The carriage of mail by air to and from most of the settled areas in northern Canada has become such a reliable and frequent part of our country’s way of life, that it is now taken for granted. All first class mail in Canada today, which weighs under eight ounces, is carried by air, wherever scheduled air lines operate.
Back in the early thirties, however, the pioneer flying companies didn’t have too happy a time flying mail into the areas they served. Most of them originally took on the job of their own free will, because it meant some added revenue; and in those lean days, when every cent counted, the additional money earned often meant getting out of the red side of the ledger.
Over all of the pioneer routes, flying companies were obliged to issue their own stamp-like stickers, which were sold and placed on the back of all covers. The cost varied according to the letter or parcel weight, and the distances flown. Permission to make use of such stickers, and to carry the mail by air, had first to be obtained from the postal authorities at Ottawa. Perhaps they added their good wishes too, but if so, that was all the aid they gave in the early days. Throughout almost all of the twenties, they awarded no contracts, nor gave financial aid, probably waiting to learn whether it was to become a worthwhile project or not before going further into the matter.
A large number of the very earliest air mail flights were just a single trip or two between two points, made by pilots of fling firms who wished to create a bit of publicity or establish a precedent. There were many such ventures throughout Canada and Newfoundland from 1918 to 1930. The make a lengthy and interesting story. Here however I am dealing strictly with air mail progress in the North country, so many of the early flights in the south must be omitted.

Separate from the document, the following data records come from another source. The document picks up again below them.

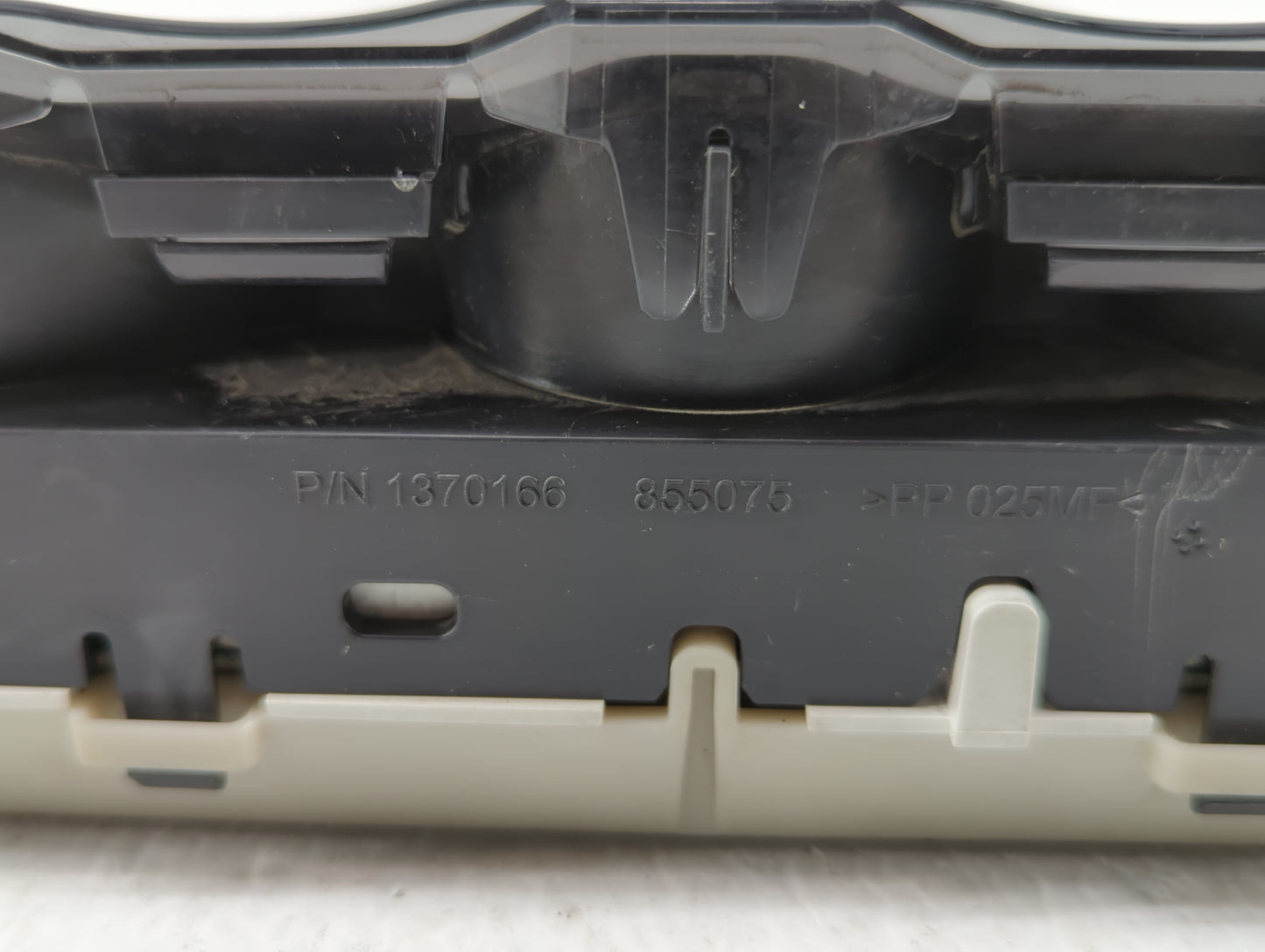 2014-2016 Gmc Acadia Instrument Cluster Speedometer Gauges P/N:23172989 1370166 Fits Fits 2014 2015 2016 OEM Used Auto Parts
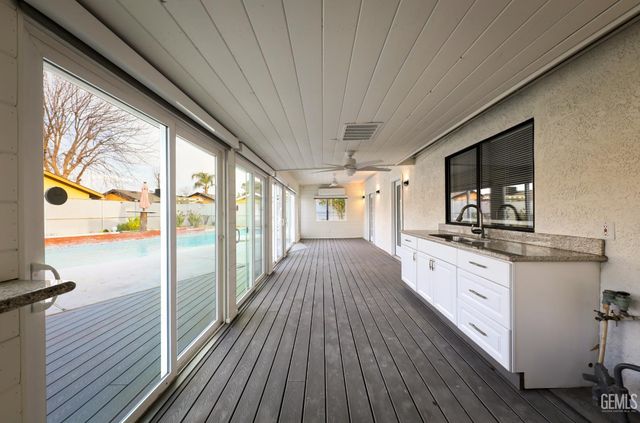 7512 Lordsburg Drive, Bakersfield, CA 93309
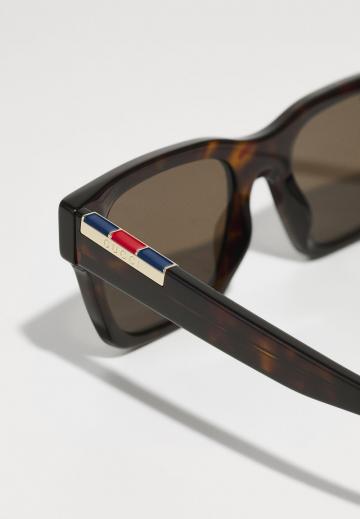 Солнечные очки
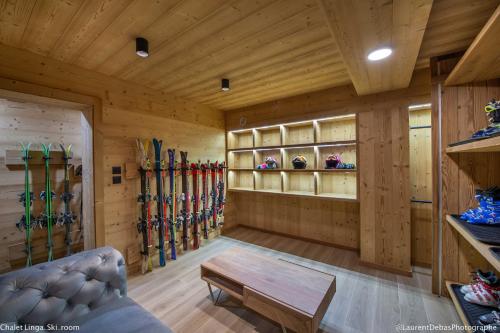 Photo de la galerie de l'établissement Chalet Mitoyen Neuf 10 pers face au Linga, à Châtel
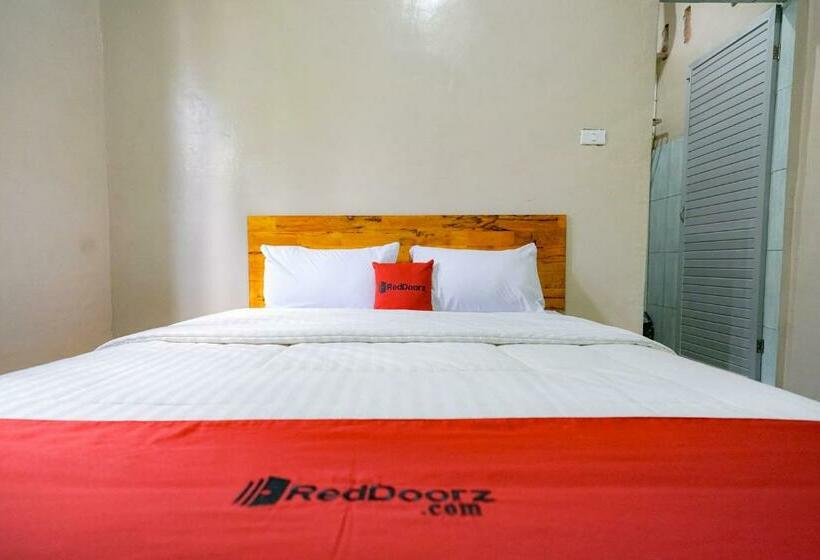 Отель Reddoorz Syariah Near Bukit Teletubbies Padangsidempuan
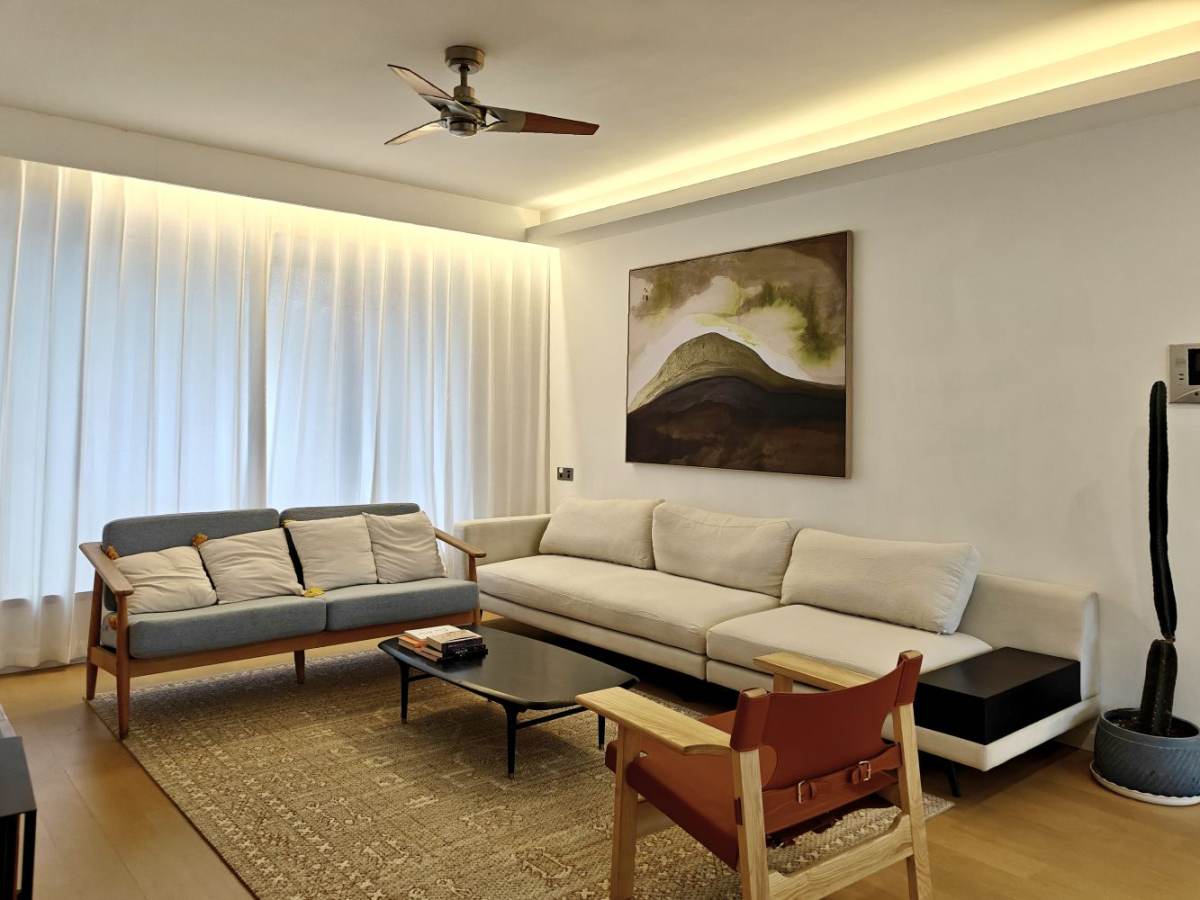 Housing image — Living Room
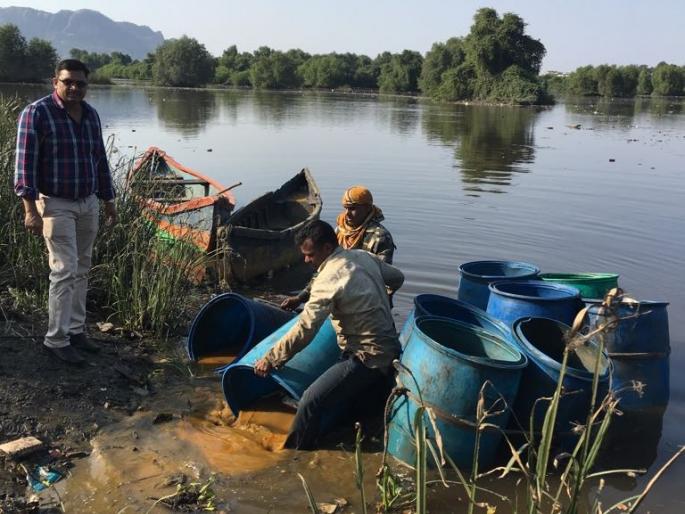 During Khardi to Agasan: Dhond Sattra: The possession of the goods worth six and six lakh was seized | खर्डी ते आगासन दरम्यान धाडसत्र: गावठी दारुसह साडे सहा लाखांचा माल जप्त During Khardi to Agasan: Dhond Sattra: The possession of the goods worth six and six lakh was seized | खर्डी ते आगासन दरम्यान धाडसत्र: गावठी दारुसह साडे सहा लाखांचा माल जप्त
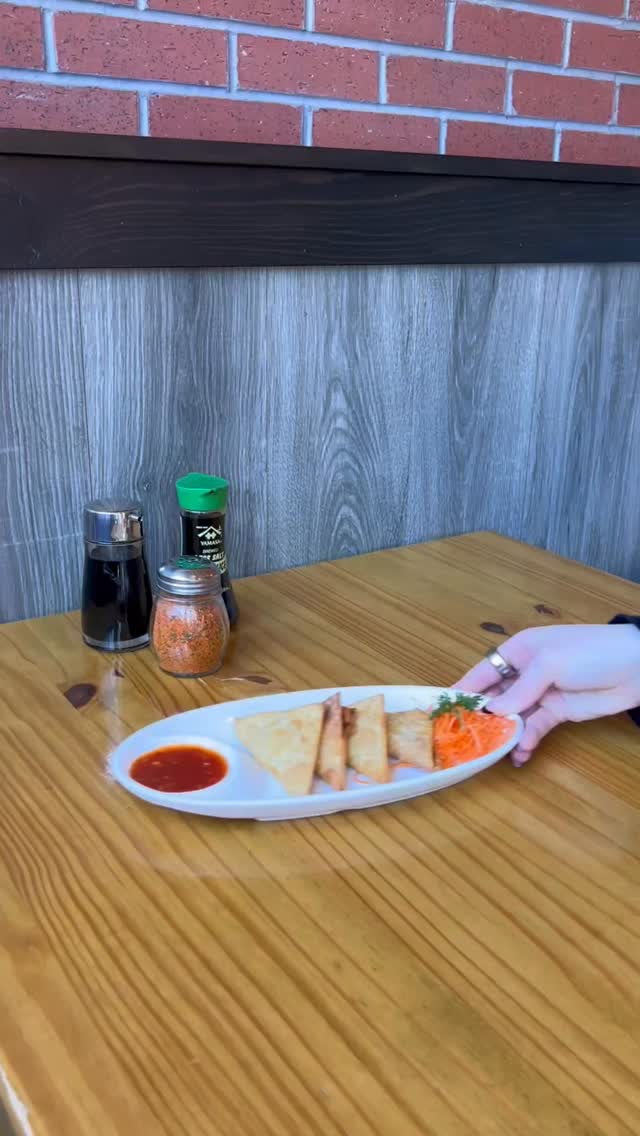 Catch up sessions hit differently when good food is involved 😋🍜 Crave-worthy sushi, ramen, and appetizers make Akarui one of our places for doing just that.
Plan your visit ➡️ @akaruiomaha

Today, the city of Edmonton is rarely defined as being in the north because the expansion and growth of industry has robbed it of that distinction. But back in 1918 it was different, and it seems only right that the flight of a daring young American airwoman from Calgary to Edmonton in 1918 should be classed as the first air mail flight north. The pilot was Miss Katherine Stinson, who thrilled the people of Canada’s three prairie provinces at many points during flying exhibitions given in 1916 and again in 1918.